(The data begins)

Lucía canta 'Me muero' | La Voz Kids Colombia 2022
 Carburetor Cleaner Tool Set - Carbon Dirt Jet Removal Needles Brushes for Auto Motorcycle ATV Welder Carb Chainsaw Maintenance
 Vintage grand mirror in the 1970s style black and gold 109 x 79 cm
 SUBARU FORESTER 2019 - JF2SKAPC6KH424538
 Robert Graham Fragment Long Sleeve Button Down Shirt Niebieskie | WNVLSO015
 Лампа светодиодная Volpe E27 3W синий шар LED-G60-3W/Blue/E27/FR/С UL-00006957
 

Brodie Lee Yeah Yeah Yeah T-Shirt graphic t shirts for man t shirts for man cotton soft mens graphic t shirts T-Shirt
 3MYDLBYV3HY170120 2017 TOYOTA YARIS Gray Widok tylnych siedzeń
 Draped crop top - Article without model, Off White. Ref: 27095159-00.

(The data ends)

* [Task requirements]: Across the entries, how many lines contain the word "Shirt"? State that number and nothing else.

* [Task solution]: 2